Yaël ARMANET-CHERNOBRODA

 

Yaël Armanet-Chernobroda est franco-israélienne et vit à Haïfa, en Israël, depuis 1976.


Choix bibliographique 

  • Haïfa-Jénine, après le silence (Le Passeur, 2015)

 

Participation à la revue

  • N° 19  : Présentation des Lettres Polonaises

 

A propos des Lettres Polonaises parues dans le n°19

Ce n'était pas un secret de famille. Ces trois cents lettres ont toujours été là, à la portée de tout le monde, dans leur petite boîte carrée en carton. Mais personne n'a jamais vraiment cherché à les lire parmi les enfants.  Pendant 70 ans, elles sont restées comme ça, pliées en quatre, sans que quiconque puisse les lire, car elles avaient été écrites en yiddish et en polonais, et qui savait encore ces langues parmi les enfants de ces deux parents, émigrés venus de Pologne en janvier 1935, sentant venir le malheur, et s'établissant en Palestine ?

Mais les deux parents avaient lu toutes ces lettres, ils ont pleuré en silence et en cachette pendant toute leur vie sur leur deuil et le père, Saul -Menahem Chernobroda, a demandé que les noms de ses proches et ceux de sa femme, Malka-Sheine, née Stupaj, soient inscrits sur leurs tombes respectives. Pour la mémoire. Cela a été fait.

Leur fils aussi, Dov Chernobroda, a demandé de son vivant à ses trois enfants et à ses petits-fils de garder leur nom Chernobroda. Pour la mémoire. « C'est la seule chose qui nous reste de notre famille, notre nom », disait-il. Et ils l'ont gardé.

Dov était né en Israël, deux mois après l'arrivée de ses parents avec sa sœur Hanna, âgée de onze ans,  et son frère Hanina, âgé de deux ans et demi (leur jeune sœur Nehama naîtra en 1940). Il a grandi dans l'atmosphère laborieuse et anxieuse de la maison, où on se précipitait là aussi sur chaque lettre, à la recherche d'une bonne nouvelle et d'une belle photo.

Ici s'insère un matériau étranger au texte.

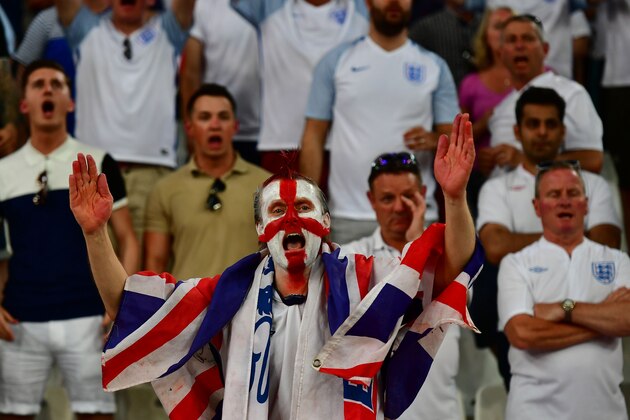 MARSEILLE, FRANCE - JUNE 11: An England supporter cheer during the UEFA EURO 2016 Group B match between England and Russia at Stade Velodrome on June 11, 2016 in Marseille, France.  (Photo by Dan Mullan/Getty Images)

Il a peut-être à peine trois ans, quand  il lance au facteur dans la rue: « Par ici, Monsieur ! », lui désignant la maison de ses parents, car il a déjà compris l'importance du courrier qui vient de Pologne… (C'est son grand-père maternel qui reprend cette anecdote dans une de ses lettres à sa fille, non reprise ci-après).

Dov est malheureusement mort assassiné dans un attentat terroriste, tout près de notre maison, à Haïfa, en Israël, le 31 mars 2002. Il était allé déjeuner avec une jeune femme qui travaillait avec lui dans son bureau d'architectes. Il avait récemment retrouvé dans ses affaires ces deux boîtes pleines de lettres et les avait ramenées chez nous. Nous pensions les faire traduire ensemble, un de ces jours.

Cinq ans après, j'ai repris le flambeau – moi, sa veuve – avec le soutien de ses grands enfants et de ses sœurs – ma famille israélienne à jamais. Sans le travail de traduction merveilleux de notre si chère amie Havka Avni, qui a grandi elle-même en Pologne dans ces mêmes années d'avant l'Holocauste, personne n'aurait jamais pu lire ces lettres dans notre entourage. C'est à elle que je dédie mes traductions de l'hébreu en français avec toute ma reconnaissance et toute mon amitié – et bien sûr à toi, Dov, que j'ai tant aimé, qui m'a tant aimée et à qui il a manqué aussi « ce petit morceau de chance » (dont parle ton grand-père maternel dans la dernière lettre traduite ici) pour partager de ton vivant, avec moi, cette route émouvante et longue à la découverte de l'histoire de tes parents, à travers celle des lettres écrites par leurs parents, frères et sœurs, avant de disparaître dans les sinistres camps de la Pologne.